Researchers from the Kolling institute at Royal North Shore Hospital conducted a study of babies born by c-section.  It was found that those babies were 22 to 26 percent more likely to be hospitalized with gastrointestinal disease and about 12 percent more likely to be admitted with bronchiolitis because they believe babies born by c-section could miss out on picking up important “gut bacteria” that children born naturally get during birth.  Earlier Australian research discovered a link between bronchiolitis and cesareans existed with only planned c-sections, suggesting labor itself could activate the mothers’ immune system.

But Mr Algert said his research indicated it was the birth that was important.

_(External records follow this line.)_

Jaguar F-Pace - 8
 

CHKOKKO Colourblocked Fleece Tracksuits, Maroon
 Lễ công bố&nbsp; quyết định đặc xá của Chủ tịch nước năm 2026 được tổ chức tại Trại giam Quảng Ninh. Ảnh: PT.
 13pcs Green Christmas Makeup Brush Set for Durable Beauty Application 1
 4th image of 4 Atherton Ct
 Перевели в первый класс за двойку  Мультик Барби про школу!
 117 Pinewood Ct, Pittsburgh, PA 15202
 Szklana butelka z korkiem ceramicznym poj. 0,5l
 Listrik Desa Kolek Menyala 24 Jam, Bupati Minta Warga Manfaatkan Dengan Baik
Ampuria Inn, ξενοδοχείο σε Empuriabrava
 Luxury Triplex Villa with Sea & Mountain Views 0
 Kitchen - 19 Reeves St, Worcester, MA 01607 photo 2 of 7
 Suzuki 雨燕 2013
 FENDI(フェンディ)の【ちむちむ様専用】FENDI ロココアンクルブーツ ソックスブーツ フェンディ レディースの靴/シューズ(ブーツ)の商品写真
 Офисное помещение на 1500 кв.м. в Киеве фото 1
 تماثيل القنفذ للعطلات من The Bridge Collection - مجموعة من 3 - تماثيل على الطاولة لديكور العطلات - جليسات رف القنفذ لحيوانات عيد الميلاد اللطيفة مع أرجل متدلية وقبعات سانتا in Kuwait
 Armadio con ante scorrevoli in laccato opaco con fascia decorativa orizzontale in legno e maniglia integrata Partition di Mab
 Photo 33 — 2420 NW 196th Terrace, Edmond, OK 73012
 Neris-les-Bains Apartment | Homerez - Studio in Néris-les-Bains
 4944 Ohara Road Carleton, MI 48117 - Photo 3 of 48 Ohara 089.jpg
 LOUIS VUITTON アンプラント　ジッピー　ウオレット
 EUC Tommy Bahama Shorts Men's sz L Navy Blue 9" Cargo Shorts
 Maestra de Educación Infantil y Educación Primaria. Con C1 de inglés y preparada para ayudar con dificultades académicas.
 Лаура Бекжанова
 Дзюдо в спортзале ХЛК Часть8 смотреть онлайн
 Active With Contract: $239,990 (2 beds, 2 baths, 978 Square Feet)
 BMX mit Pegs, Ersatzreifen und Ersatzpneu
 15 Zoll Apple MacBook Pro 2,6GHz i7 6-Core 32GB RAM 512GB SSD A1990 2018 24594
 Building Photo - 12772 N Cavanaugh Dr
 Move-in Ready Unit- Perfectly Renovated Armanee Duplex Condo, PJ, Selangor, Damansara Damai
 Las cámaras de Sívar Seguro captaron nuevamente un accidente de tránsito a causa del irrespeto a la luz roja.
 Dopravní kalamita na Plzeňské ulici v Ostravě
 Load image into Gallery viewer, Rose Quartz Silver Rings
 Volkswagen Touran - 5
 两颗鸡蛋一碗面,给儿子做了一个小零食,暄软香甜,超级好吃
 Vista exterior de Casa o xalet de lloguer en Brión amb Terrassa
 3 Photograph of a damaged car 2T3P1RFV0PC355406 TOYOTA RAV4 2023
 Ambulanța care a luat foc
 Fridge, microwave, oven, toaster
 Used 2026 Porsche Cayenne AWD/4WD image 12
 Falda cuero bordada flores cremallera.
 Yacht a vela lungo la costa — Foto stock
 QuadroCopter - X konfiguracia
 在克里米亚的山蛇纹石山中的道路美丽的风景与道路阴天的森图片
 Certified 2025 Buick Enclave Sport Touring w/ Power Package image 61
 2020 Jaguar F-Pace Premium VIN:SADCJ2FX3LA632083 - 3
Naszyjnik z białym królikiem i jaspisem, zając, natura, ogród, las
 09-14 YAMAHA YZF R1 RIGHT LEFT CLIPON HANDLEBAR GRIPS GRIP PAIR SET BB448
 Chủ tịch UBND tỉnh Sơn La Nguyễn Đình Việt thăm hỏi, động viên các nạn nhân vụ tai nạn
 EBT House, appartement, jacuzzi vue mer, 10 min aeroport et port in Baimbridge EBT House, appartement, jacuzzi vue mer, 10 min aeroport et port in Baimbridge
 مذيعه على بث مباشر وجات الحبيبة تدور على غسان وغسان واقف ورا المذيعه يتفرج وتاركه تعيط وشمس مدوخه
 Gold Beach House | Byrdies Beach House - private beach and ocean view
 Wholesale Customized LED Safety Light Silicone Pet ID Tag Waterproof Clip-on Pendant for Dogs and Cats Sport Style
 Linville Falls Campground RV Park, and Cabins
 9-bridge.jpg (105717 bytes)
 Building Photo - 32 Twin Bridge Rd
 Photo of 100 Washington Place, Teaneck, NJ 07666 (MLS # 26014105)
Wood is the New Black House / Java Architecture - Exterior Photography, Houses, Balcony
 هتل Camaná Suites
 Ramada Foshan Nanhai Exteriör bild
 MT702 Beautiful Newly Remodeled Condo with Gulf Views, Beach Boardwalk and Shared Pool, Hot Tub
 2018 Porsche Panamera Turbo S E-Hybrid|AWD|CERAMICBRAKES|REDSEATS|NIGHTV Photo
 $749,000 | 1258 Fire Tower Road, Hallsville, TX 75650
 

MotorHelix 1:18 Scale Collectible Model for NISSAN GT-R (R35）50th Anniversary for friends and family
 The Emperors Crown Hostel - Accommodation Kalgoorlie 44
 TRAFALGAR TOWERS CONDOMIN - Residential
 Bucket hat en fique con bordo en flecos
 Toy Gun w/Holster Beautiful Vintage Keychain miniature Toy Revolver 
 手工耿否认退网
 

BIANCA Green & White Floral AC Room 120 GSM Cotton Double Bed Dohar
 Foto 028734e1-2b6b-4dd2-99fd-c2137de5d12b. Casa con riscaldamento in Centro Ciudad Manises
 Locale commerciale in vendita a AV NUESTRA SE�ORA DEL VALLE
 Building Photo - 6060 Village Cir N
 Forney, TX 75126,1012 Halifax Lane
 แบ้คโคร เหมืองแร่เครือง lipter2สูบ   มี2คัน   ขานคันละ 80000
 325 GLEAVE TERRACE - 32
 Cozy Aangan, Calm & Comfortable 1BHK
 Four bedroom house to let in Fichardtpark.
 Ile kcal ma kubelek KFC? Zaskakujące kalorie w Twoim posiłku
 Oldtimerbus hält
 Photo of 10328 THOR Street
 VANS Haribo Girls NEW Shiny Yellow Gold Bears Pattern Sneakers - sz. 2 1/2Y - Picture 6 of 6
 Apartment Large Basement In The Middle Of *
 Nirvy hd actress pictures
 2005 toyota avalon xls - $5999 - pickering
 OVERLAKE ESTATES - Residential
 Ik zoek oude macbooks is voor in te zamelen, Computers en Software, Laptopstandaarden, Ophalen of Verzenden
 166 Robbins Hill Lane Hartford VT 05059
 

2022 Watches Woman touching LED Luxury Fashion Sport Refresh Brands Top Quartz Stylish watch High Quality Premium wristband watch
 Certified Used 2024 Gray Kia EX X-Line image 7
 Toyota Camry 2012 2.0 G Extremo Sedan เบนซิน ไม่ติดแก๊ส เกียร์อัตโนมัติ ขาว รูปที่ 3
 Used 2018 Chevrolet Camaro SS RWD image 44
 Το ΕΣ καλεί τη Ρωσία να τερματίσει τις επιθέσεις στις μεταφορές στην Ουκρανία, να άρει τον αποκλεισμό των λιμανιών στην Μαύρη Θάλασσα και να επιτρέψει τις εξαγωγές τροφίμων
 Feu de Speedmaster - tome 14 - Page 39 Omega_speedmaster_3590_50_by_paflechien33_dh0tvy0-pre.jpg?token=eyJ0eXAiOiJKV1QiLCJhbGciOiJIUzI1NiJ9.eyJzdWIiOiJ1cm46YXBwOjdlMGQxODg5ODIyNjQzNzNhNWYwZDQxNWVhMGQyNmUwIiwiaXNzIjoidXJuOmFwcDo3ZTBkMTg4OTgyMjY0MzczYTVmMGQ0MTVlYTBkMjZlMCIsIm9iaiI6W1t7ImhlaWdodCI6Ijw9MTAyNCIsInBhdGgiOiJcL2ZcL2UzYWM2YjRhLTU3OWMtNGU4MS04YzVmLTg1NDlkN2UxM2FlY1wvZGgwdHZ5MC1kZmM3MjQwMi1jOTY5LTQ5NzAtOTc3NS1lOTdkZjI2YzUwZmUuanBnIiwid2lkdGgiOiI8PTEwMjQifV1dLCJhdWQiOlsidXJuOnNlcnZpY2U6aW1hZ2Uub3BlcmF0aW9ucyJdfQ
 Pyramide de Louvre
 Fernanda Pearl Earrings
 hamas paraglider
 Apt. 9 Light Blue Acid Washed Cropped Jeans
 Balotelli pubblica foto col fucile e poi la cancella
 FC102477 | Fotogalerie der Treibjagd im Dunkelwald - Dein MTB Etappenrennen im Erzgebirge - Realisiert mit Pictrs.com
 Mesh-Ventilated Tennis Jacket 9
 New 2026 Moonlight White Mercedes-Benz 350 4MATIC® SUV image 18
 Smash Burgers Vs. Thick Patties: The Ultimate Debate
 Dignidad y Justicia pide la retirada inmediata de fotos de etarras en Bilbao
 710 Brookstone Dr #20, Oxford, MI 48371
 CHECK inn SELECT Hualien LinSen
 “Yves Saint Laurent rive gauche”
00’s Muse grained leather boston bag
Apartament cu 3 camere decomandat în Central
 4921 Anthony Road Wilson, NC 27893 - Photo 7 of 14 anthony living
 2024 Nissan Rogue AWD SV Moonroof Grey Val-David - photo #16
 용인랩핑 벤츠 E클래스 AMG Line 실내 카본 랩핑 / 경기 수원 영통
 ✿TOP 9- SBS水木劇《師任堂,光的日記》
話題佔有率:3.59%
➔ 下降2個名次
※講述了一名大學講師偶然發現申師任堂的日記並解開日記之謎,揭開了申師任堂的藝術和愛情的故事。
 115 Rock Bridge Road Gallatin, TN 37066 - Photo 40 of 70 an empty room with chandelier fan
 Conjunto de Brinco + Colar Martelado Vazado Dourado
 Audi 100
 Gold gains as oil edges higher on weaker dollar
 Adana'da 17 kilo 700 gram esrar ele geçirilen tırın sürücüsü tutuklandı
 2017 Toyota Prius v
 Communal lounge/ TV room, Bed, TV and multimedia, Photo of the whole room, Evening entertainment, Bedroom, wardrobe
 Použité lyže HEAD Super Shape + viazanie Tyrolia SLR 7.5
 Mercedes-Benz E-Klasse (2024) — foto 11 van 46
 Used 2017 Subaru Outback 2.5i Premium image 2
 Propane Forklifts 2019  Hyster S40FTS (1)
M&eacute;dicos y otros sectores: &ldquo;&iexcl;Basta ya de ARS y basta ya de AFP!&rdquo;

“We take all these yogurts and things to get the right bacteria in our guts but the baby traveling through the birth canal is going to get the right sorts of bacteria”.

 

The study, which analysed data from 626,700 births in NSW between 2001 and 2008, found women who gave birth by caesarean were 70 per cent more likely to be diagnosed with a complication affecting breastfeeding.  And the babies of the women with breastfeeding problems were then 30 per cent more likely to be hospitalized with gastrointestinal problems.

The study is published in the journal Archives of Diseases in Childhood.

What are your thoughts?  Would this study change your mind on scheduling a c-section, if that is your preferred choice of birth?